Resenha
Livro destaca internacionalismo dos voluntários cubanos em Angola
por Mary-Alice Waters
"De arquivos velhos, nova história sobre o papel dos EUA na guerra
angolana", dizia o título de um artigo de Howard French,
correspondente do
New York Times,
que apareceu com destaque na
edição de 31 de Março. O
International Herald Tribune
apresentou o mesmo artigo a 2 de Abril com o título
"Intervenção em Angola/Novas provas: Arquivos velhos
contradizem versão dos EUA sobre a guerra".
O tema praticamente eclipsou a notícia de que a 30 de Março fora
assinado um cessar fogo preliminar entre os principais comandantes militares do
governo angolano e da União Nacional para a Independência Total de
Angola, ou UNITA como é conhecida. A UNITA, apoiada há muito por
Washington e anteriormente pelo regime do apartheid na África do Sul,
desde 1975 travava uma guerra civil para derrubar o governo angolano. Nem as
eleições celebradas em 1992 nem um acordo prévio subscrito
em 1994 puseram fim à guerra destinada a derrubar ou pelo menos a
enfraquecer o governo angolano, na qual morreram meio milhão de
pessoas, segundo se estima. O novo cessar fogo verificou-se apenas um
mês depois de Jonas Savimbi, dirigente principal da UNITA durante mais de
três décadas, ter morrido numa emboscada preparada pelas
forças do governo.
Ao falar de "novas provas", o jornalista do
Times
referia-se à
extensa documentação recolhida minuciosamente pelo professor
Piero Gleijeses, da Universidade John Hopkins, que contesta duas mentiras
promovidas por Washington e os seus apologistas durante mais de um quarto de
século. Uma destas mentiras é a afirmação de que
Washington interveio em Angola em 1975 só depois de Cuba ter enviado um
grande número de tropas a esse país a fim de apoiar o Movimento
Popular para a Libertação de Angola (MPLA) quando o país
estava em vésperas de independência em relação a
Portugal. A outra é o mito de que não houve
colaboração entre Washington e o regime do apartheid sulafricano,
o qual estava envolvido numa operação maciça para frustrar
a vitória das forças do MPLA. O obra de Gleijeses, com 576
páginas, chama-se
Conflicting Missions: Havana, Washington and Africa, 1959-1976
(Missões em conflito: Havana, Washington e África, 1959-1976)
e foi publicada pela editora da University of North Carolina Press.
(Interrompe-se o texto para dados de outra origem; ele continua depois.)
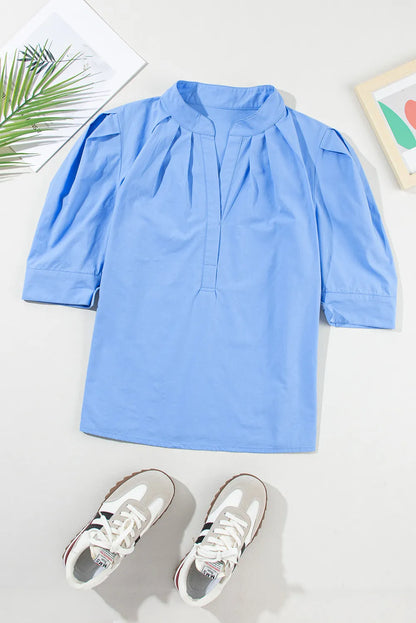 Notched Half Sleeve Blouse Light Blue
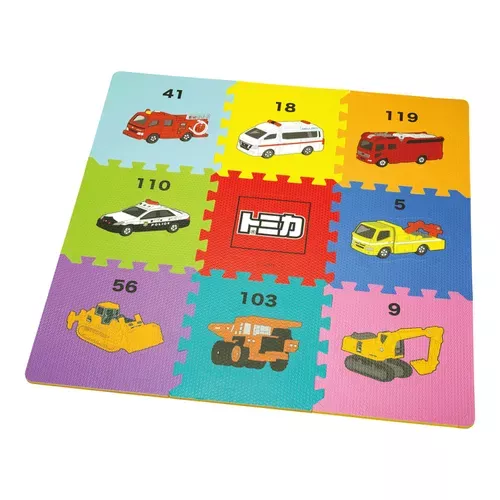 ☻｜JP#多美/Tomica#工程車#彩：地墊/巧拼組(單片約29.5×29.5×1cm/合成時86.5×86.5×1cm)。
Intervenções imperialistas
A 11 de Novembro de 1975 depois de mais de uma década de
crescentes guerras de libertação nacional nas colónias
portuguesas em África, as quais aceleraram a queda da decadente ditadura
fascista em Portugal o derrotado colonialismo português abandonou
a sua antiga possessão africana em Angola. O movimento de
libertação nacional mais forte, o MPLA, controlava a capital,
Luanda, e estava preparado para formar um novo governo. A 18 de Julho desse
ano o presidente americano Gerald Ford, partindo da suposição de
que um governo dominado pelo MPLA não seria suficientemente servil aos
interesses imperialistas norte-americanos na região, autorizou um
programa de operações encobertas para apoiar as forças
anti-portuguesas no país que se haviam mostrado mais dispostas a agradar
Washington e seus aliados.
A decisão de Cuba de enviar uns 480 instrutores militares em resposta
à solicitação de ajuda da direcção do MPLA
foi tomada mais de um mês depois. Não foi senão a partir
de Outubro que chegaram os primeiros voluntários.
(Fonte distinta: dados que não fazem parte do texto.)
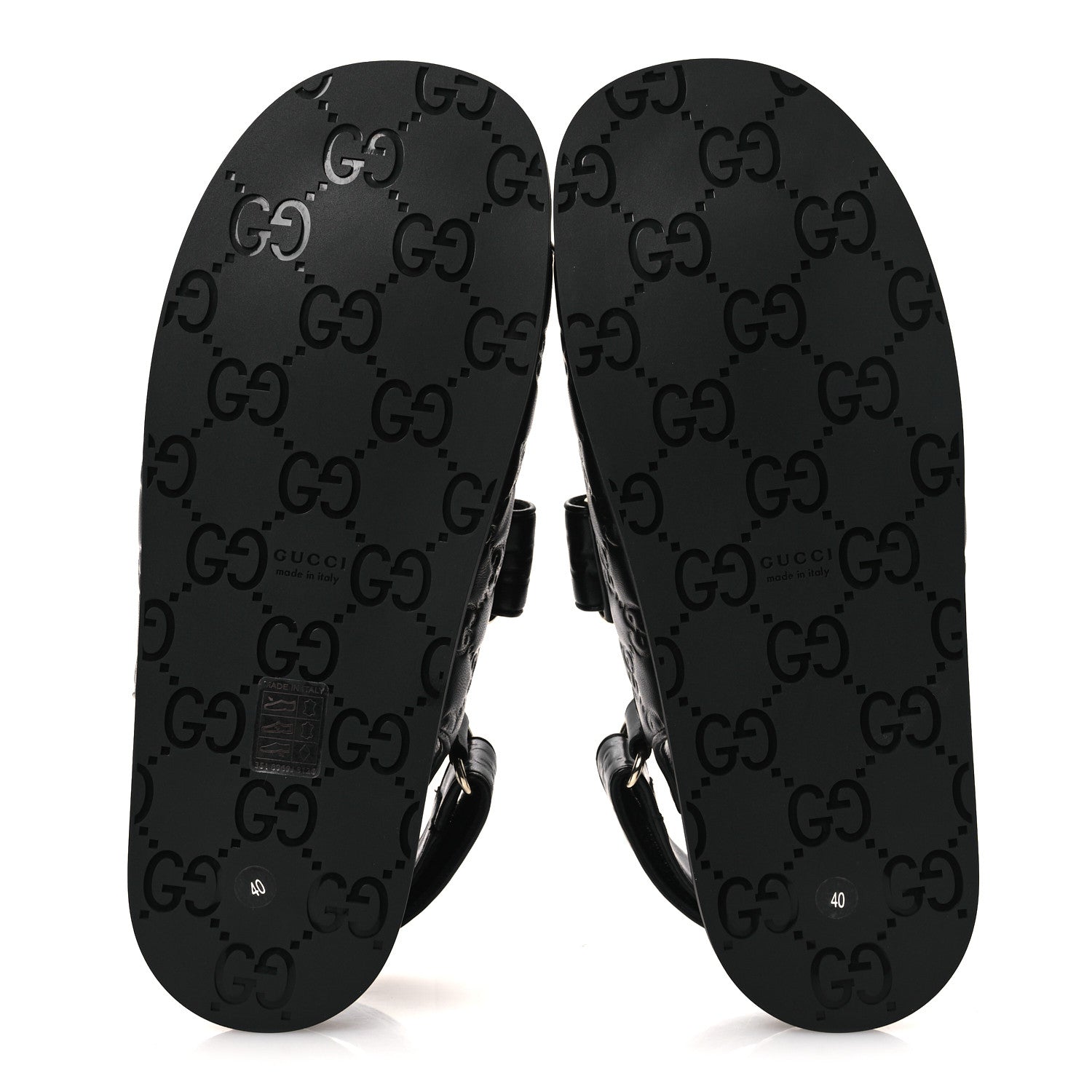 Gucci Guccissima GG Embossed Womens Sandals 40 Black 7 of 11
A Frente Nacional de Libertação de Angola (FNLA), com base no
Zaíre e dirigida por Holden Roberto, foi a principal
beneficiárias do programa ampliado de operações de
Washington, mas também foram incluídas as forças mais
débeis da UNITA com as quais a FNLA estava aliada nessa altura.
"Os restantes nessa companhia", assinala Gleijeses, "eram os
chineses, os quais tinham cerca de 200 instrutores militares que treinavam a
FNLA no Zaíre". Manobrando para se contrapor à
influência soviética na região e demonstrar suas
credenciais a Washington, também forneceram armas tanto à FNLA
como à UNITA.
Os governantes norte-americanos aumentaram em simultâneo a sua
colaboração encoberta com o regime do apartheid da África
do Sul, o qual havia escolhido a UNITA como sócio preferencial. Desde
carregamentos de armas até assessores, missões de treinamento e
operações em pequena escala no sul de Angola, a
intervenção sulafricana cresceu rapidamente a partir de meados de
1975, emparelhada com as acções de Washington.
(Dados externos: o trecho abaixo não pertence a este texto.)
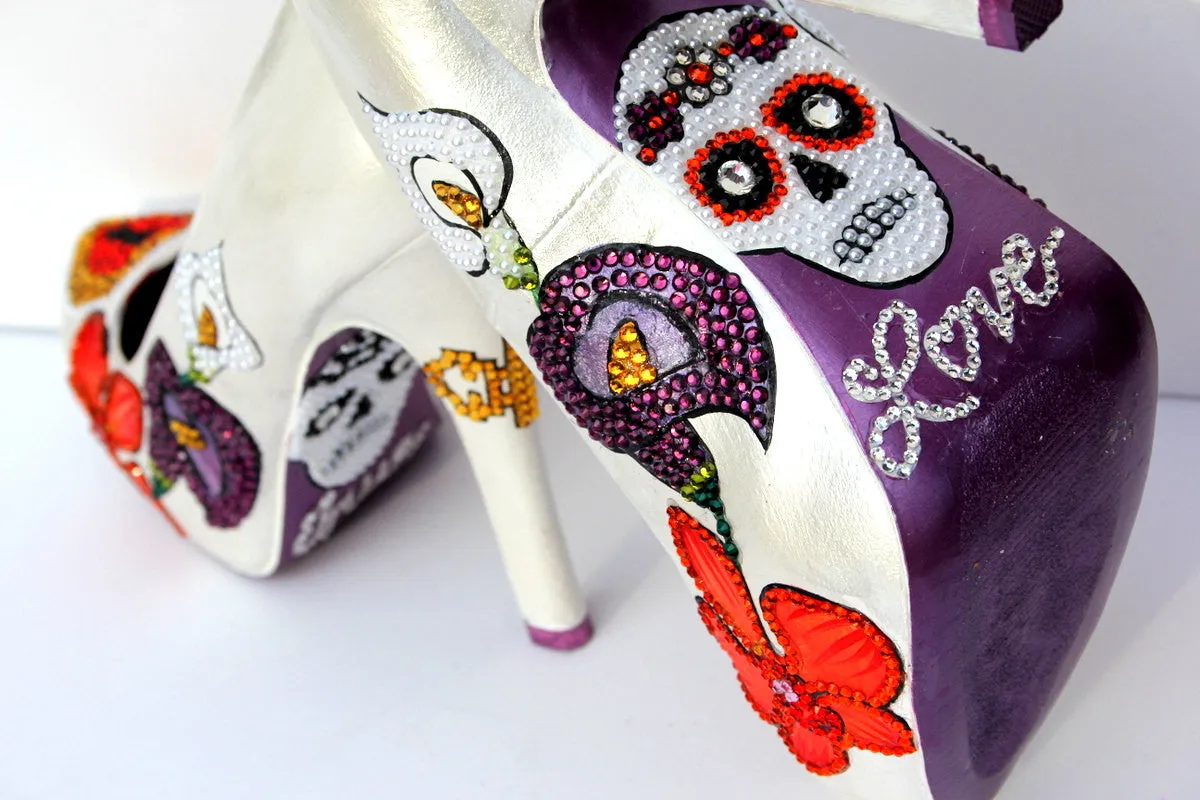 Crystal Sugar Skull, Heart Locket & Key Heels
A 14 de Outubro as Forças de Defesa Sul Africanas (SADF), fazendo-se
passar por mercenários, enviaram a coluna "Zulú" em
direcção ao norte de Angola rumo a Luanda, numa tentativa de
tomar a capital antes da data limite de independência de 11 de Novembro.
Ao mesmo tempo, as forças da FNLA, apoiadas por Washington,
avançavam para o sul a partir do Zaíre com o mesmo objectivo.
As tropas da FNLA apoiadas pelo imperialismo foram derrotadas decisivamente
pelas forças combinadas do braço militar do MPLA reforçado
por centenas de voluntários cubanos que haviam começado a chegar
a Luanda apenas 72 horas antes da batalha decisiva de Quifangondo. Ali
travaram o avanço da FNLA no dia 10 de Novembro, a poucos
quilómetros de Luanda, quando a bandeira portuguesa se levantava pela
última vez no palácio do governo. À meia noite, Agostinho
Neto, principal dirigente do MPLA, proclamou a independência de Angola.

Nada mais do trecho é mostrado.